Is it possible to predict the success of a recipe based on its ingredients?
Is it possible to predict the success of a recipe based on its ingredients independently? The answer is no. Heston Blumenthal, the father of food pairing, needs at least 2 combined ingredients to make a special meal, however, it was possible to get good insights from the analysis.
The backbone of the flavor network. Each node denotes an ingredient, the node color indicates food category, and node size reflects the ingredient prevalence in recipes. Source: Yong-Yeol Ahn, Sebastian Ahnert, James P. Bagrow, and A.-L. Barabási. “Flavor network and the principles of food pairing”(2011)
Project 2 was an opportunity for us to learn web scraping using BeautifulSoup and Selenium and Supervised Machine Learning techniques. My project was about predicting the success of a recipe based on the main ingredients and nutrition information. As a fan of the good food, I have always been curious on which elements make the dishes better. For this purpose, I chose to use a multivariable linear regression model on Epicurious.com recipes.
I used BeautifulSoup for this task. Epicurious.com has an organized html source code structure, so it was not a big challenge. I automatized the search for recipes (filtered by lunch and dinner meals) and scrapping.
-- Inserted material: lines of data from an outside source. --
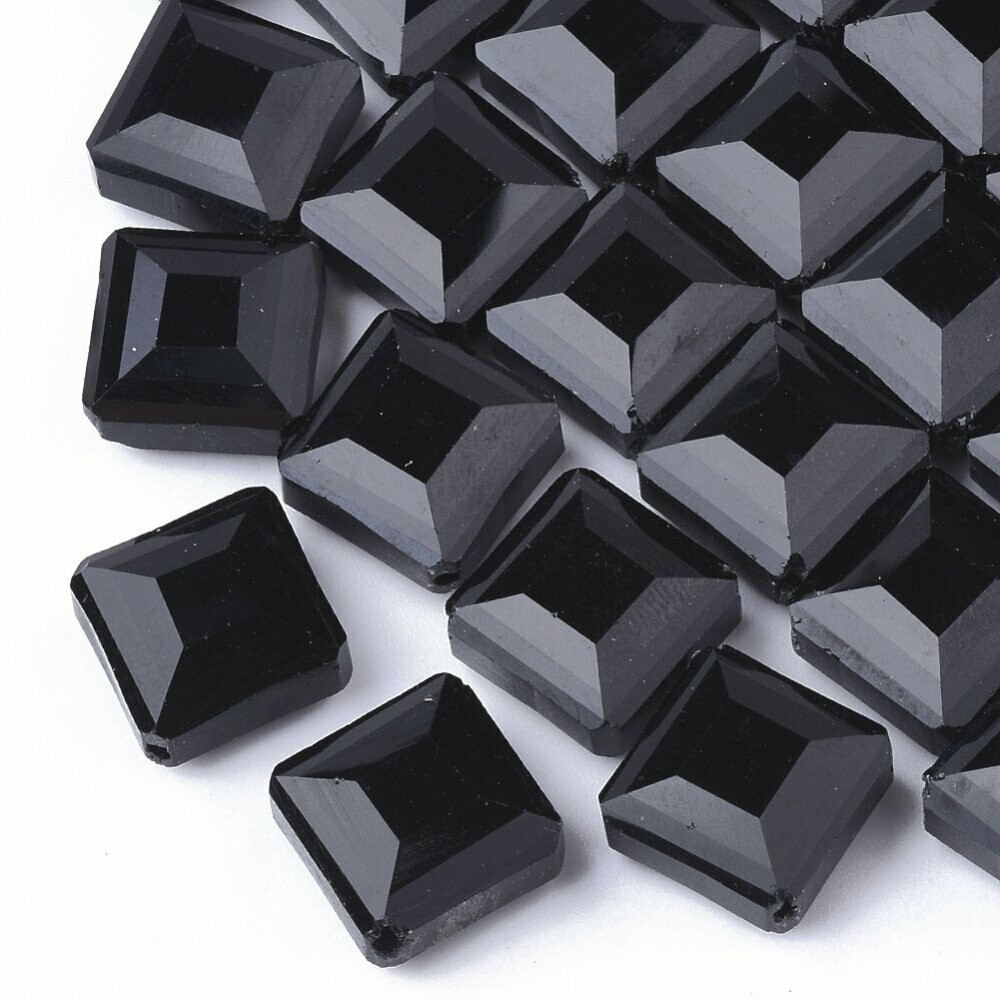 10 x Faceted Glass Diamond Shaped, Black, 13x13mm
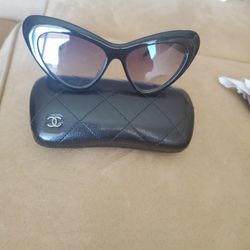 Gucci really cool cat eye sunglasses!! They are adorable!!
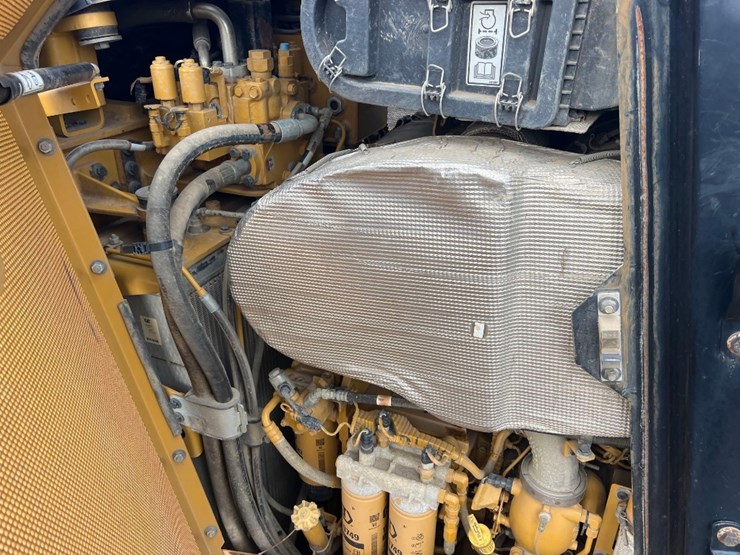 2015-caterpillar-d7e-lgp-image-24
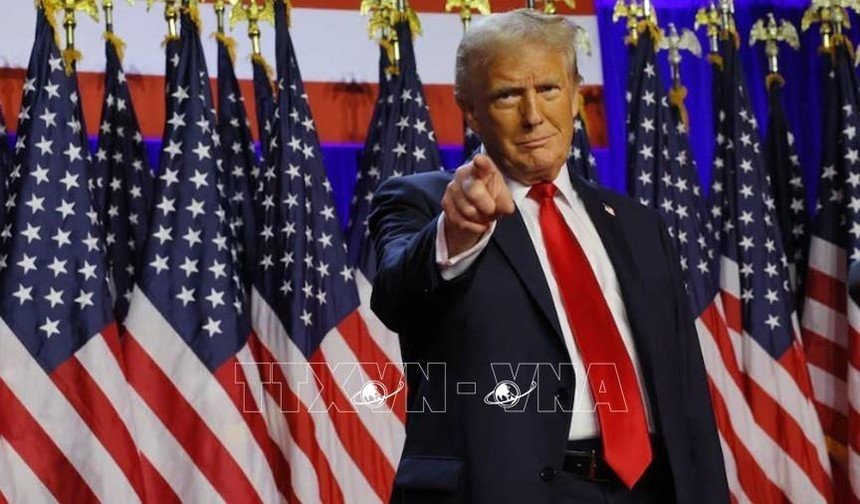 Ông Donald Trump phát biểu trước những người ủng hộ tại Trung tâm Hội nghị Palm Beach, bang Florida. Ảnh: REUTERS/TTXVN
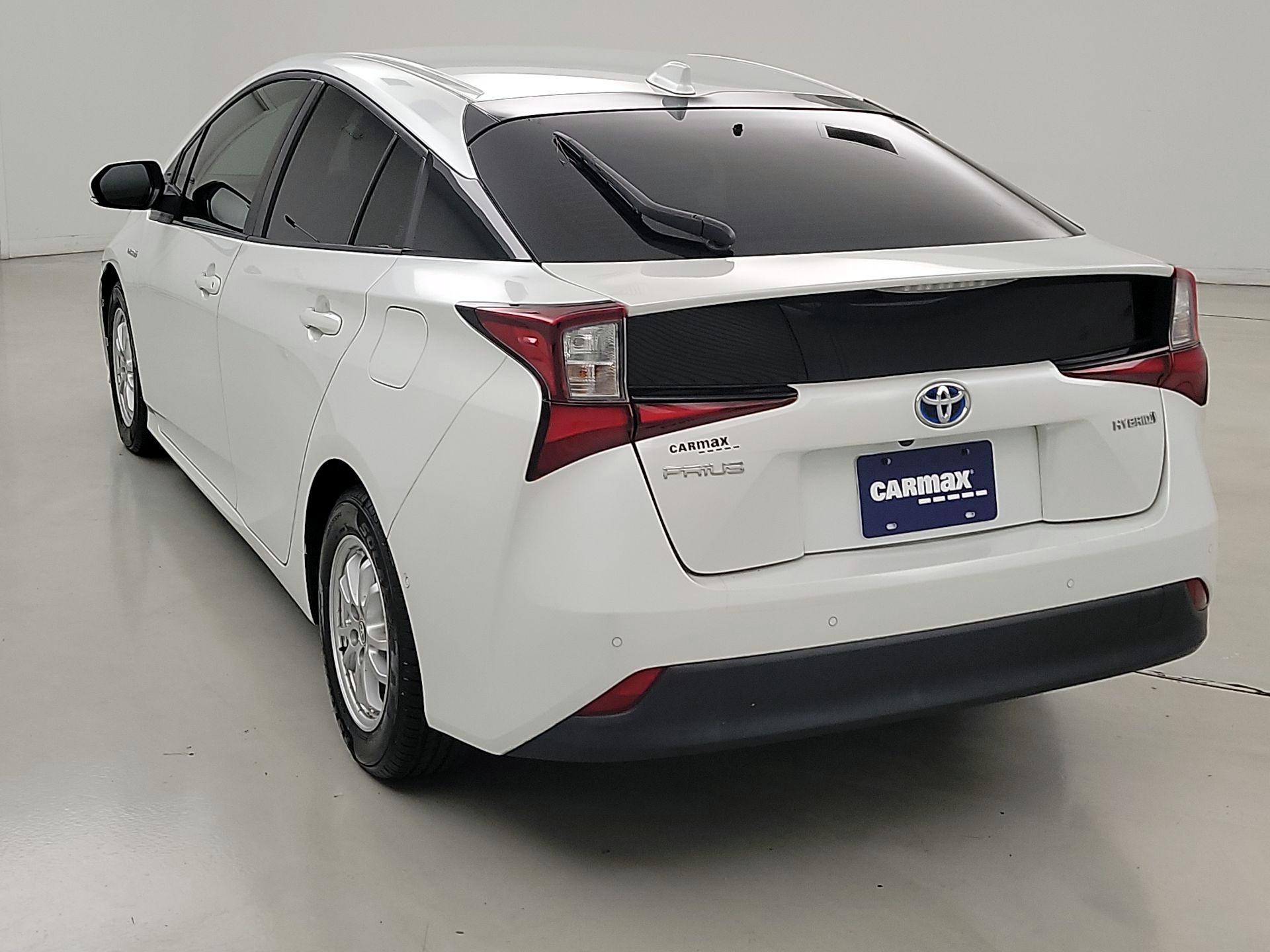 Thumbnail: 2022 Toyota Prius - 7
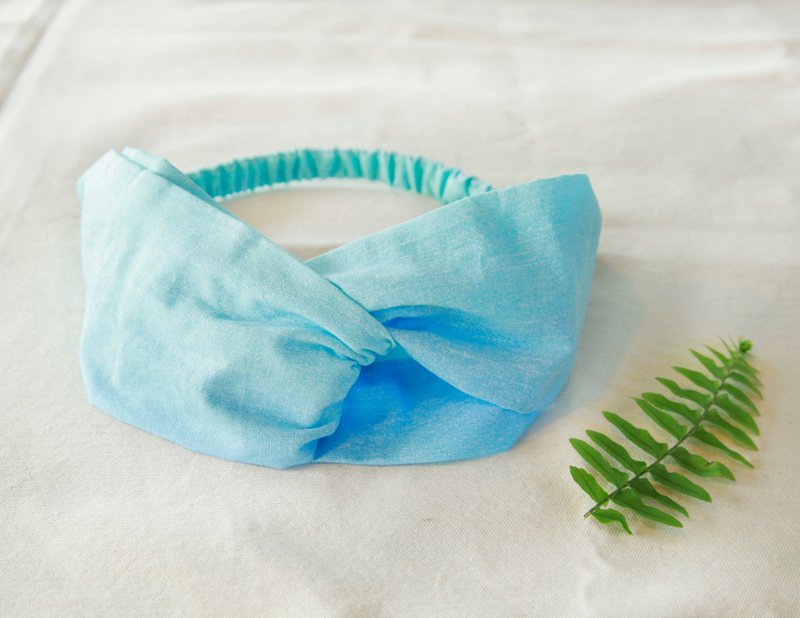 [Color of the hair band] - Japan retro texture cloth / snow blue blue gradient layer - Hair Accessories - Cotton & Hemp Blue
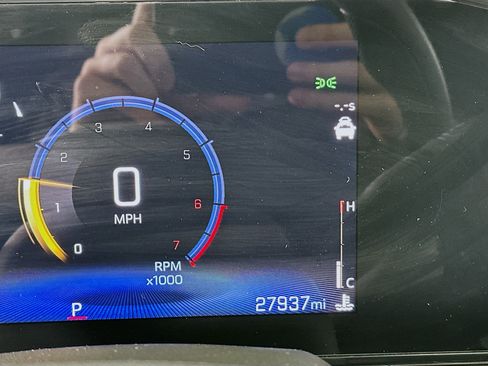 Used 2025 Chevrolet Trax LT image 18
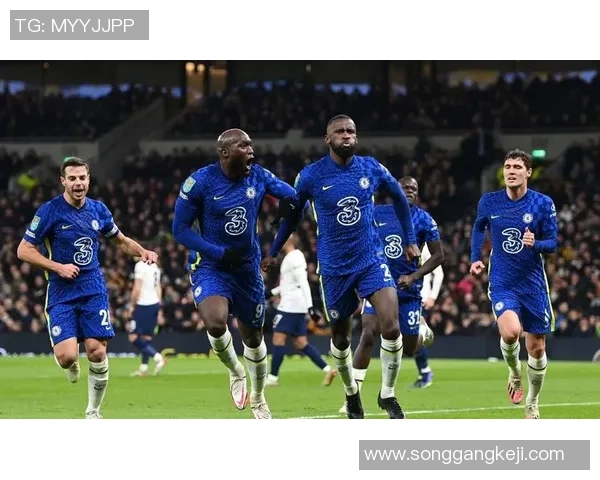 英超激战：巴黎圣日耳曼与AC米兰平局红牌事件引发全场热议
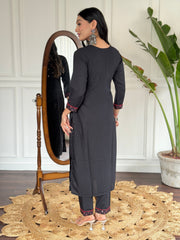 BLACK COLOURED WOMEN'S REYON SLUB EMBROIDERED KURTA WITH PANT DUPATTA SET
Since it involved parsing hundreds of results pages and thousands of recipes, I made the scrapping stage in 8 batches, so I could avoid the risk of loosing information.
For the target variable, I chose to measure the Success score by the rating combined with the percentage of people that said that would make that recipe again.
It seems more realistic than using purely ratings and has a better distribution.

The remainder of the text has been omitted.